Durch unser Bewusstsein tappen wir nicht mehr im Dunkeln. Der erste Schritt zu jeder Veränderung ist, »sich bewusst darüber zu werden, was überhaupt vor sich geht«. Erst, wenn du es auch siehst, kannst du damit etwas anstellen. Stell dir vor, du hast einen Stein in der Hand und weißt es nicht. Jedes Mal, wenn du etwas greifen willst, geht es nicht, weil du die Hand nicht öffnen kannst. Ständig wirfst du deswegen alles um und du fragst dich, was im Leben nur so unfair zu dir ist, dass dir immer alles kaputt geht. Wenn du aber erkennst, dass du den Stein festhältst und dir dessen bewusst wirst, hast du nun Optionen, die du vorher nicht hattest. Du kannst den Stein weiter festhalten, du kannst die Hand öffnen und warten, dass er runterfällt oder du kannst ihn wegwerfen. Es geht nicht so sehr darum, was du mit dem Stein machst, sondern darum, dass du überhaupt erst eine Entscheidungsmöglichkeit hast, wenn du dir dessen bewusst wirst.

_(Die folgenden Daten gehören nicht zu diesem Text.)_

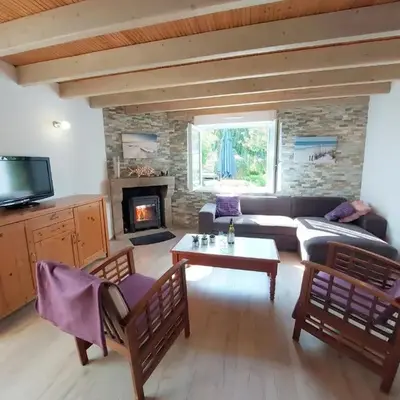 Holiday Home in Cléder near Amiets Beach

Das Schreiben ist eine grandiose Art, sich dieser Steine bewusst zu werden. Dieses Bewusstsein ist der Teil in dir, der nicht mit diesem Zustand des Sogs, mit dem bösen Wolf, verbunden ist. Er ist auch nicht mit dem guten Wolf verbunden. Er ist der Hüter beider Wölfe und kümmert sich um beide. Es ist die Vogelperspektive, der Abstand, der offene Raum, der wertfreie Raum, die reine Präsenz, dein Gewahrsein, dein Wahrnehmen, dein »Sein-mit-dem-was-Ist«. Es ist ein Teil in dir, der kein Ich hat, keine Story, keine Vergangenheit, keine Zukunft. Er kommt nirgendwoher und geht nirgendwohin. Dieser Teil in dir lebt nur im Jetzt und das für alle Zeit. Jedes Mal wenn du deine volle Aufmerksamkeit in den aktuellen Augenblick bringst, mit allem, was du vorfindest, und dich gegen nichts mehr wehrst, deine Urteile und Wertungen hinter dir lässt und mit dem bist, was ist, dann öffnest du diese Tür in dir, durch die dein Bewusstsein treten kann und alles verändert.

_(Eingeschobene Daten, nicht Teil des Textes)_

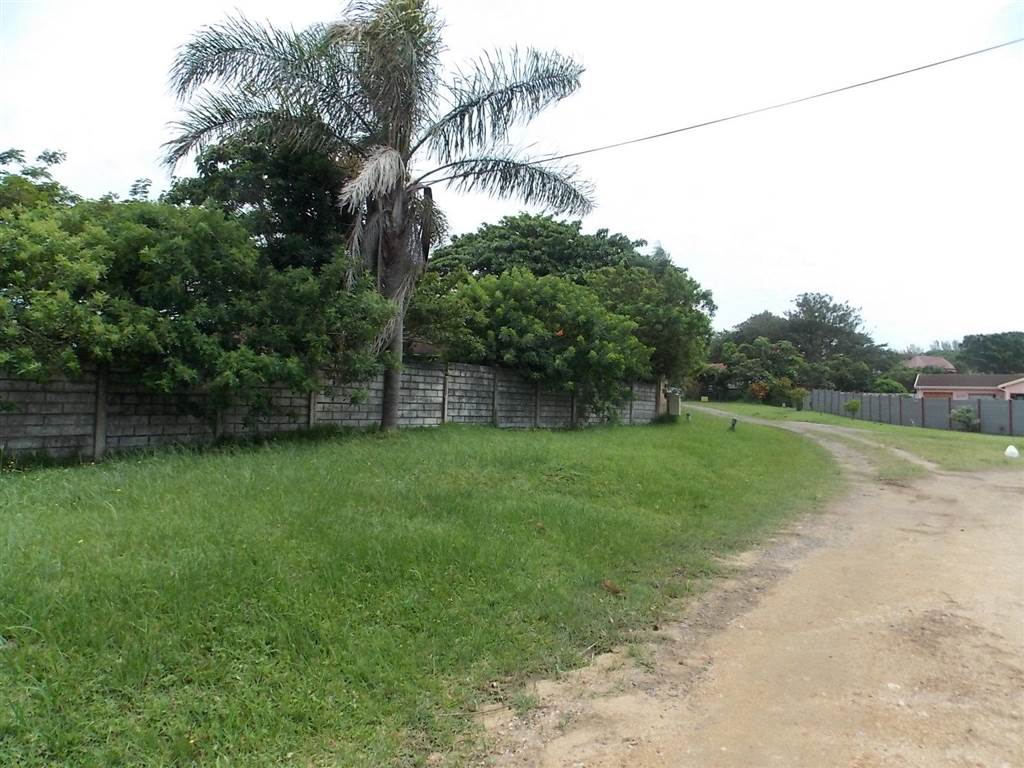 1247 m² Land available in Port Edward photo number 3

Vielleicht ist diese Veränderung am Anfang nicht sonderlich spürbar. Aber wenn du genau darauf achtest, wirst du feststellen, dass sich etwas in dir entspannt, sich lockert oder löst. Und sei es nur ein kleiner Hauch an Raum, der um das Gefühl und deine Lage herum entsteht. Dieser Raum wird mit dieser und anderen Übungen, die ich dir in diesem Buch noch vorstellen möchte, immer deutlicher spürbar. So spürbar, dass du irgendwann mehr Interesse an diesem Raum haben wirst, als an dem, was sich in diesem Raum befindet. Warten wir’s ab!

Dein Weg entsteht erst, wenn du bereit bist, ihn zu gehen. Kein anderer kann diesen Weg für dich öffnen und für dich gehen. Du selbst musst es wollen. Es ist dein Weg! Entschließe dich, und die Sache ist getan.